== Dataset ==
== Segment start ==

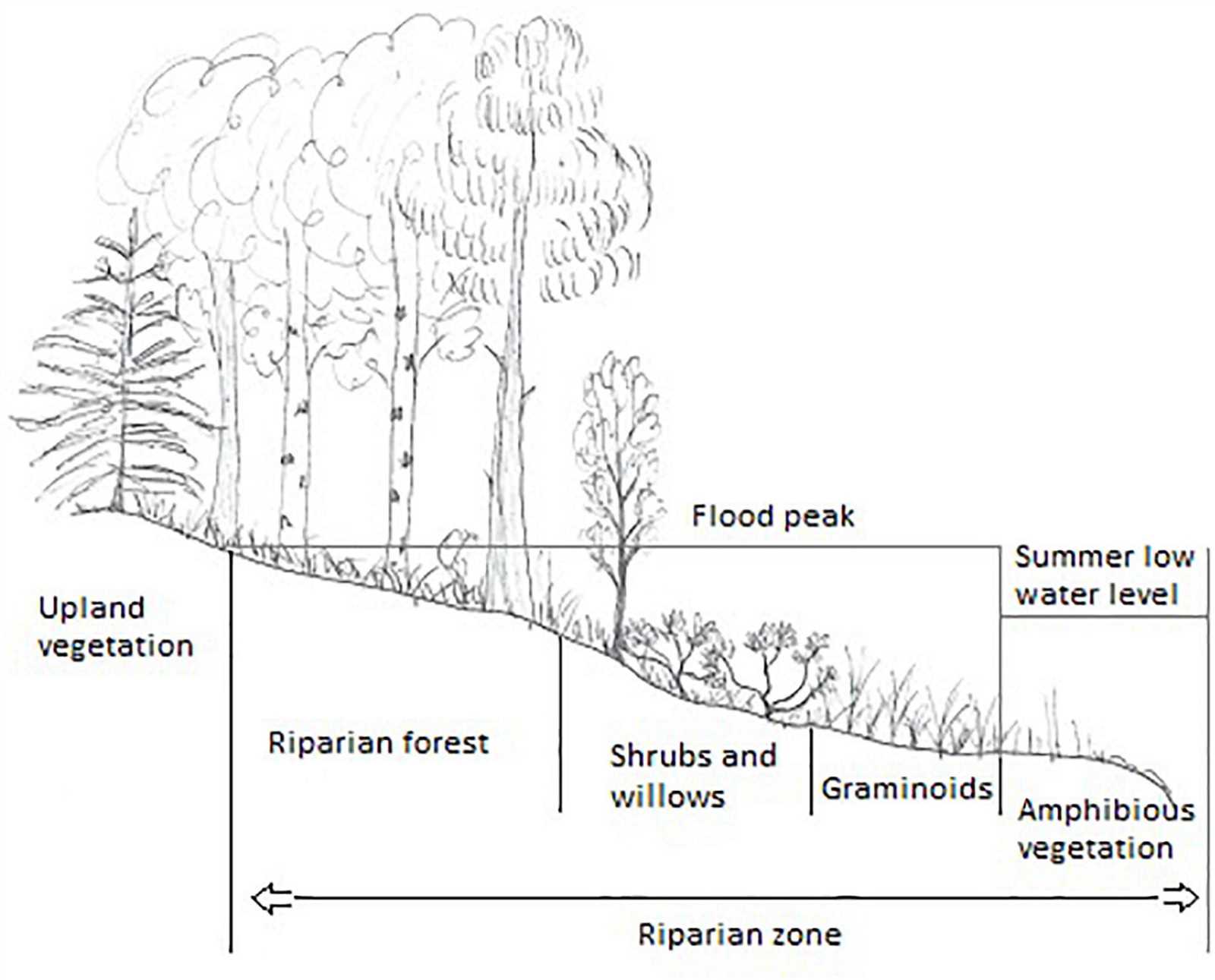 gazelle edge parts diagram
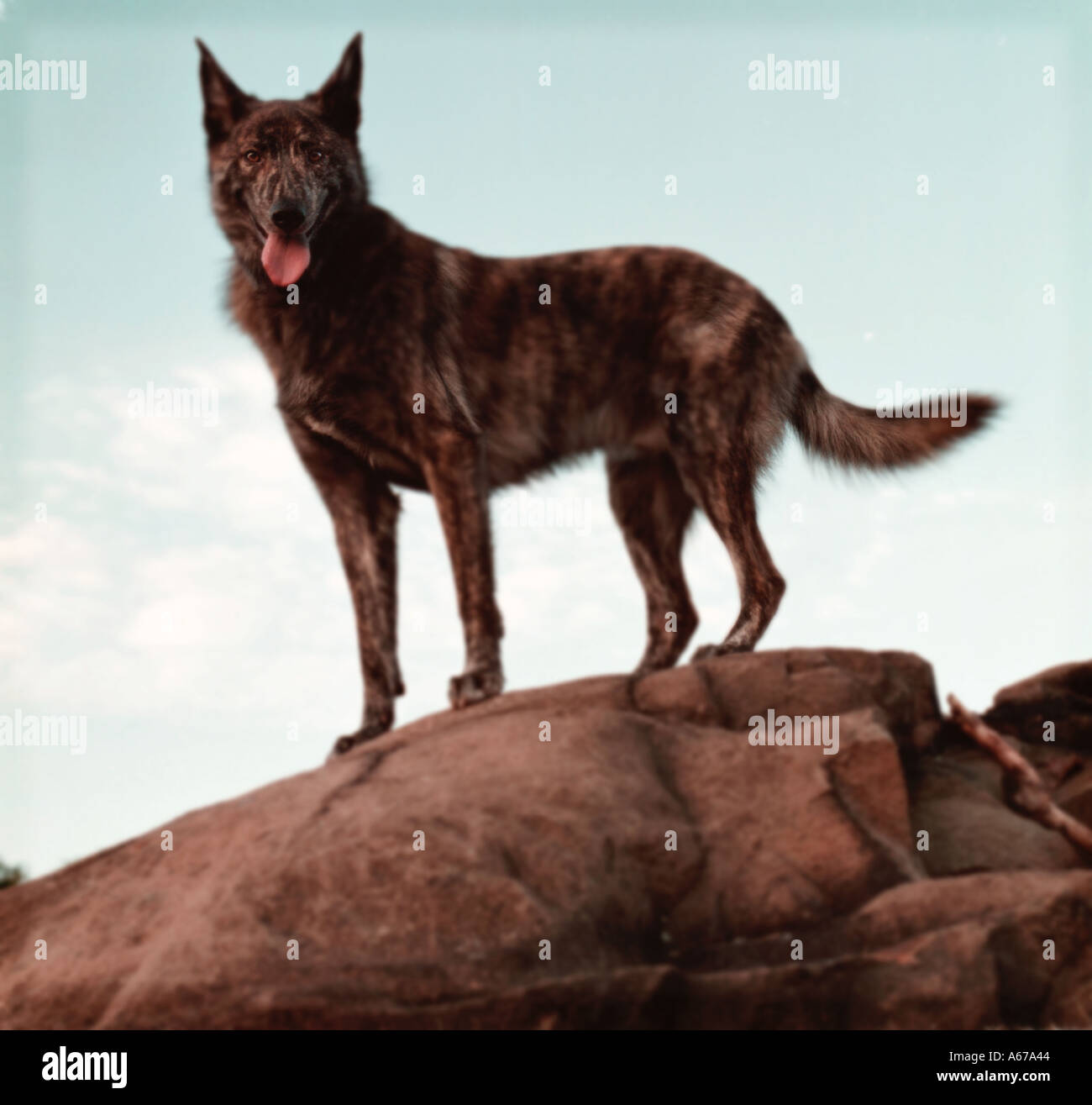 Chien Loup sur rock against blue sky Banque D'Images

== Segment end ==
== Segment start ==

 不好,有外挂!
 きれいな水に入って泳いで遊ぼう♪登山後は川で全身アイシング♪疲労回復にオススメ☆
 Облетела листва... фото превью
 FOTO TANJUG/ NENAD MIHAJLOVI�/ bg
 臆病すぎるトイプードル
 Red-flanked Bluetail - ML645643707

== Segment end ==

== Task description ==
Given the entries above, transcribe exactly the lines from the one holding "gazelle edge parts diagram" through the one holding "Chien Loup sur"; pictures do not belong in the transcription.

== Solution for this exercise ==
 gazelle edge parts diagram
 Chien Loup sur rock against blue sky Banque D'Images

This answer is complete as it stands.